Par contre, certains peuvent se tirer très bien d’affaire. Il y a une dizaine d’années, Fabien Major, conseiller en sécurité financière et propriétaire de Major Gestion privée, à Montréal, a proposé une hypothèque inversée à une cliente, qui a investi la totalité du prêt dans divers types d’actifs.

«Elle a gagné sur tous les plans, relate Fabien Major. Au moment de rembourser le prêt, la valeur de sa maison avait augmenté, ses placements avaient monté et, à eux seuls, ont été suffisants pour couvrir le remboursement.»

Placer de la sorte la somme de l’emprunt s’avère une approche souvent pratiquée, note le conseiller, d’autant plus intéressante que les frais d’intérêt sur le prêt sont alors déductibles d’impôt.

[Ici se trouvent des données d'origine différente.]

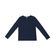Blusa Feminina Com Botões Manga Longa Rovitex Azul G / Azul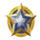 blasting rubies star symbol icon
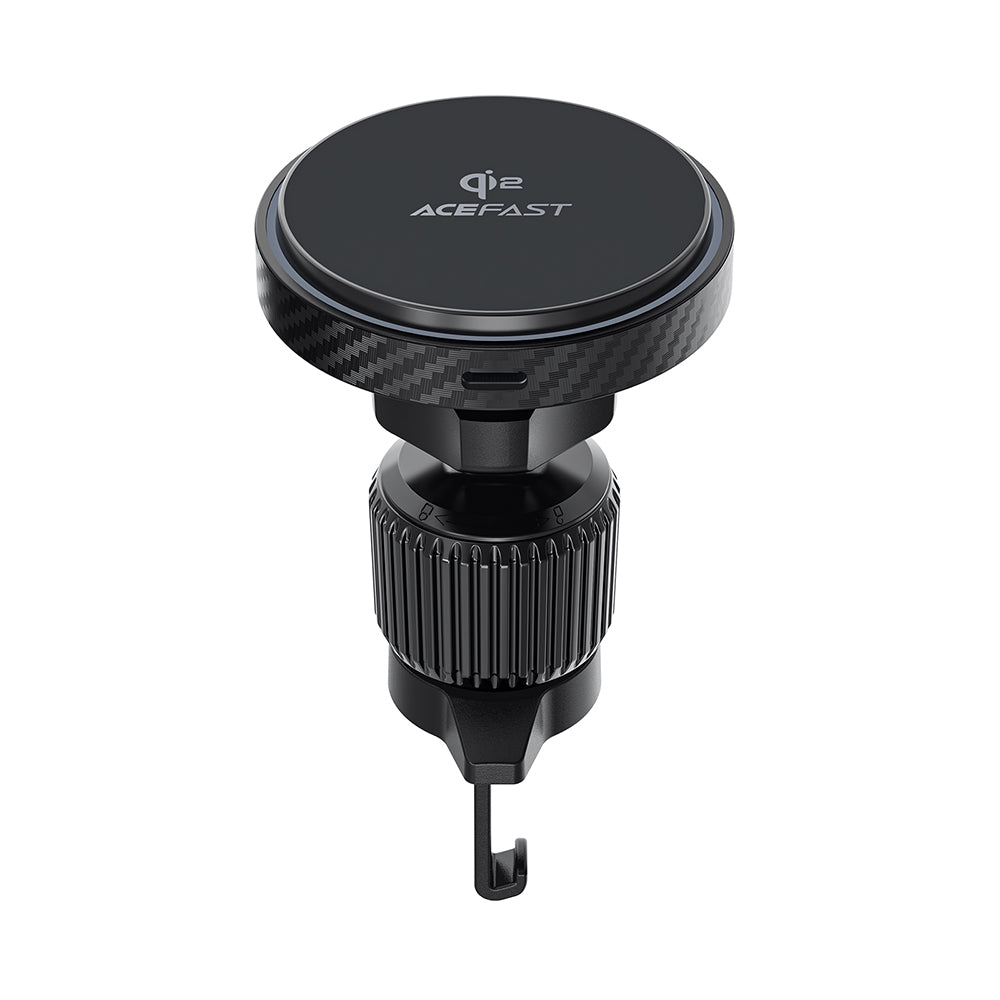 Acefast D33 Wireless Car Charger, 15W, 1.67A, Black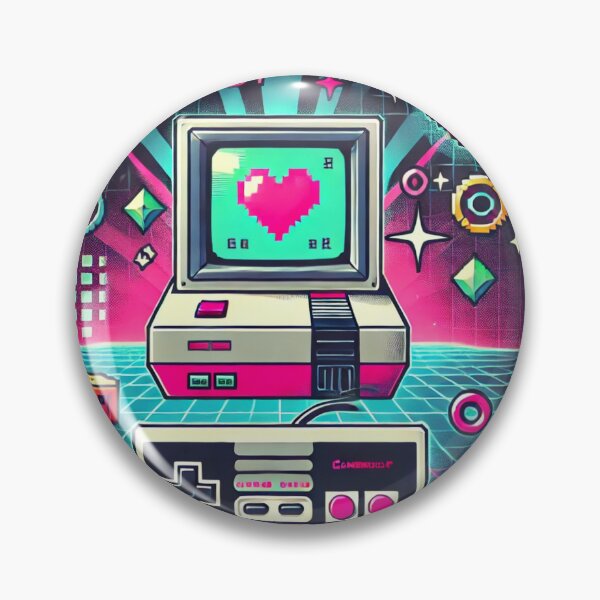 Item preview, Vintage Console: 8-Bit Nostalgia designed and sold by WildVista.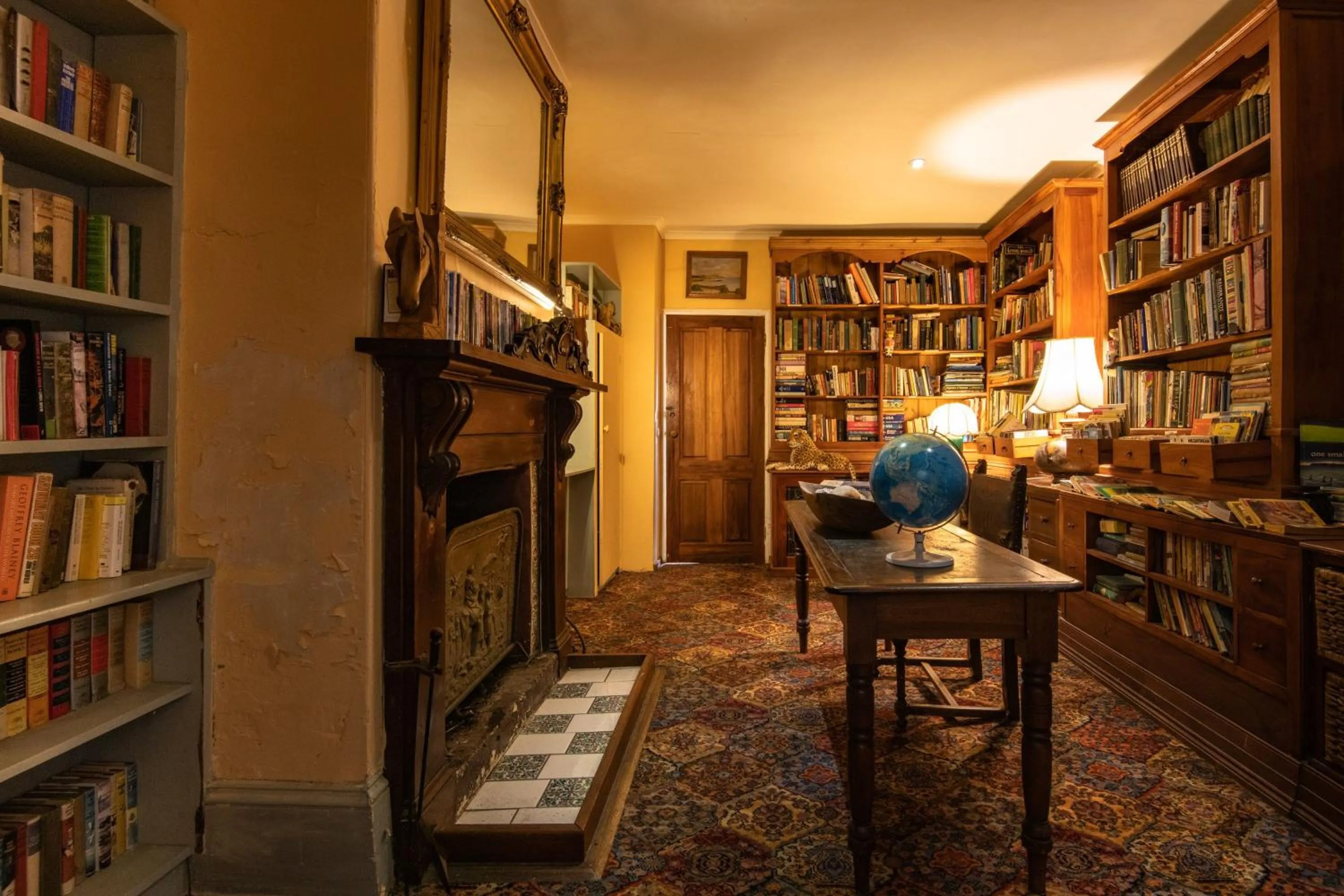 Library in Hawley House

Toutefois, c’est une approche que Larry Bathurst déconseille, surtout à un retraité que ses moyens restreints obligent à recourir à une hypothèque inversée. Dans la situation actuelle, Fabien Major abonde dans le même sens : «Je serais très prudent en ce moment, estime-t-il. J’attendrais de voir comment le marché immobilier va se comporter au cours des 12 à 18 prochains mois.» De plus, les investissements susceptibles de donner un rendement supérieur à 5 % comportent une part de risque peu propice à un retraité aux moyens modestes.

Il vaut mieux une marge hypothécaire, jugent Jonathan Aziza et Larry Bathurst, à cause de ses nombreux avantages : la marge peut représenter jusqu’à 65 % de la valeur de la maison, le taux est inférieur d’environ un point de pourcentage à celui d’une hypothèque inversée, les frais initiaux sont moindres, l’emprunteur sait qu’il traîne une dette puisqu’il doit en acquitter mensuellement au moins les intérêts, et il peut puiser dans la marge seulement au besoin, ne payant capital et intérêts que sur la partie utilisée.

Cependant, la marge hypothécaire présente aussi quelques carences, rappelle Éric Bisaillon. «L’emprunteur doit se qualifier pour une marge, pas pour une hypothèque inversée. Une marge peut être rappelée, pas une hypothèque inversée.» Et quant au taux d’intérêt supérieur de 1 %, que voulez-vous, «il y a une petite prime au fait de vouloir rester chez soi».

En bref, l’hypothèque inversée, comme le fait ressortir Jonathan Aziza, «est une solution de dernier recours». Elle vise essentiellement le retraité qui a épuisé toutes ses épargnes, dont le seul actif est sa résidence, et à qui ses revenus ne permettent pas de payer les mensualités exigées par une marge.

30 M$

Somme totale des hypothèques inversées consenties en 2011 au Québec. C’est 15 fois plus qu’en 2007.